Kelsey Albert Dana McKay, 51, of Winnipeg was arrested Tuesday and charged with five counts of sexual assault, four counts of sexual exploitation, one count of sexual interference and four counts of luring.
He was arrested after five of his former students came forward with allegations of sexual assault that happened between 2004 and 2011, while they were students at Churchill High School and Vincent Massey Collegiate.
“Like anybody, I was shocked when you hear something like that, you can’t believe it,” Bradley Black told Global News. Black currently runs Recruit Ready, a high-performance football program that works with young athletes.
Black went to Oak Park High School, but was on a provincial football team coached by the accused in the late 1990s.
“Once the shock of it all kind of wears off you have some anger, disappointment, a lot of empathy for the victims in this obviously,” Black said, adding that there’s a similar sentiment among many in Winnipeg’s football community.
Black says while the incident is not isolated to football or athletics in general, it’s important for parents to be involved with their kids activities and pay attention to who their child trusts.
“Be involved in your kids sports as much as you possible can – Ask the right questions, know what’s going on, understand the dynamics between your son or daughter and their coaches,” he said.
“If your son or daughter is really close with the coach and they’re spending time outside of practices and events together, make sure that relationship with you as a parent and the coach is as strong as your child or athlete’s relationship is with that coach.”

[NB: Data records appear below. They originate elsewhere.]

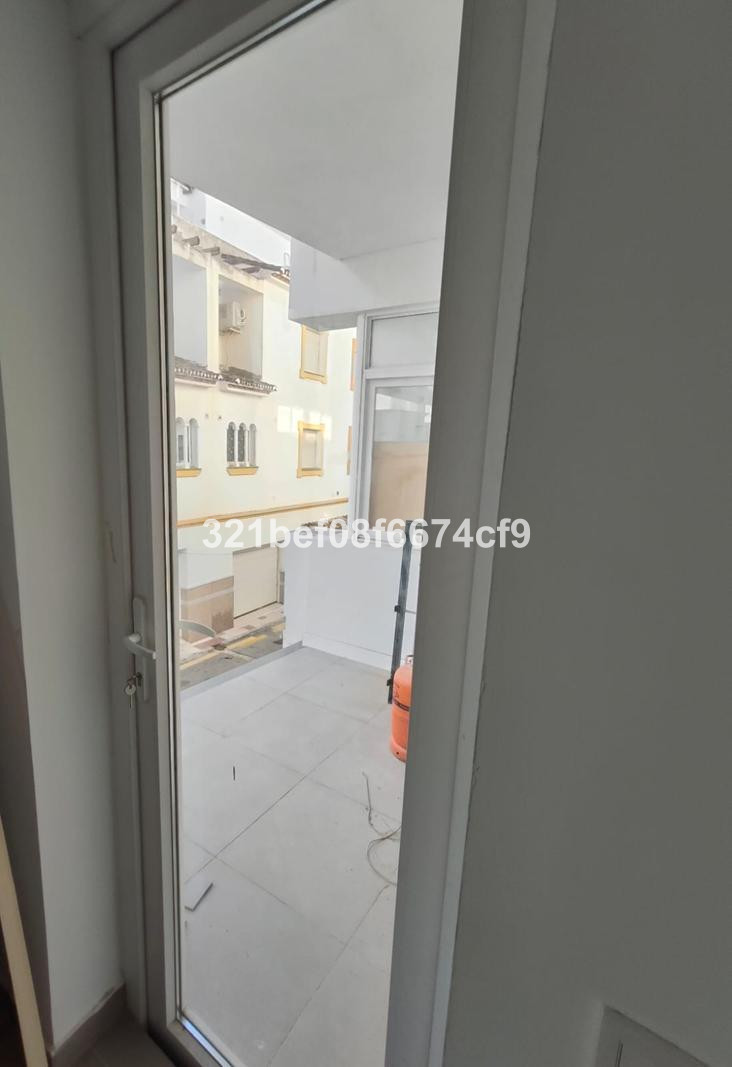 Huis te koop in Estepona | 3 slaapkamers H5489488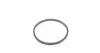 Ремкомплект супорту переднього Mazda CX-5/Nissan X-Trail (T31/T32) (d=60mm)(Akebono)(+поршень/напрямні) FRENKIT 760576 (фото 9)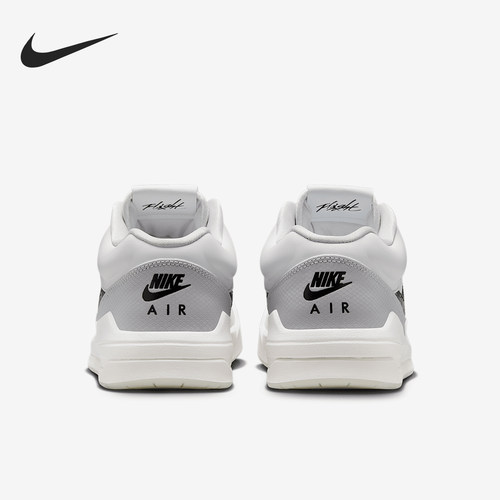 Nike/耐克正品JORDAN STADIUM 90 CNY男士篮球鞋HV4092-100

“Really put a premium on being involved. And if there’s anything that kind of doesn’t seem right or doesn’t really add up to you, ask questions, talk to other coaches on the team, talk to other parents on the team,” Black added.
Registered psychologist Julia Riddell says there is a myriad of reasons why victims take years to come forward, and in some cases they never do.

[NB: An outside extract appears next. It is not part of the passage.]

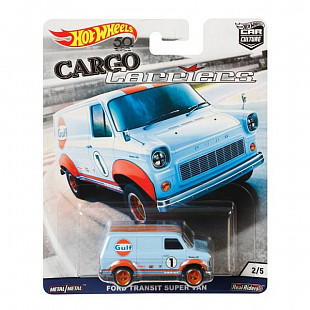 Машинка Hot Wheels Японские легенды (FPY86 FLC13)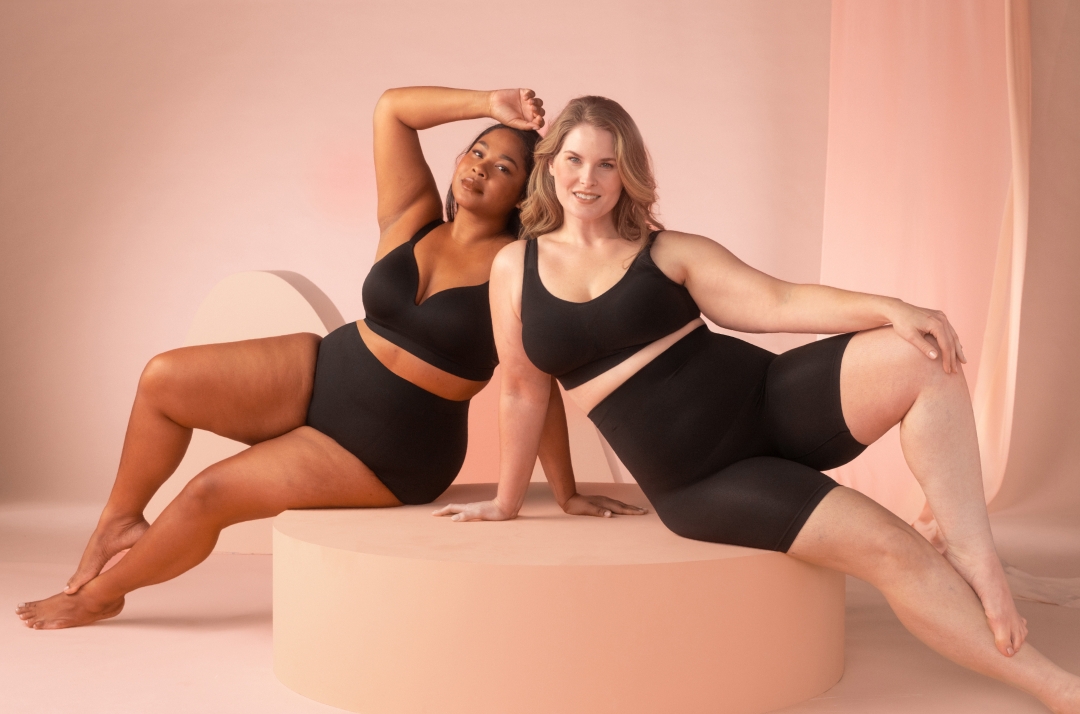 shapermint, blendpr, jade massie, the contour concierge, vancouver, beauty and wellness, yvr, bc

“One of them is as a society we ask a lot of questions and make statements to survivors that indicate they did something wrong or should have done something differently,” Riddell told Global News.
“So whether it’s friends and family or through the criminal justice system during the persecution process, often survivors will asked things like, ‘Why were you at their house alone, what were you wearing, or how much did you have to drink’,” Riddell explained.
“Or (they) make statements like, ‘You shouldn’t have been drinking at all or you shouldn’t have been walking alone at night’. (Those) sort of things place the blame on survivors, when we really should be placing the blame on people who are engaging in those assault behaviours.”
She also says it’s important for parents to have conversations with their children about consent, even from a young age.
“We can start talking about kids when they’re three or four or five years about consent to our bodies, so the difference between healthy touch and non-healthy touch.”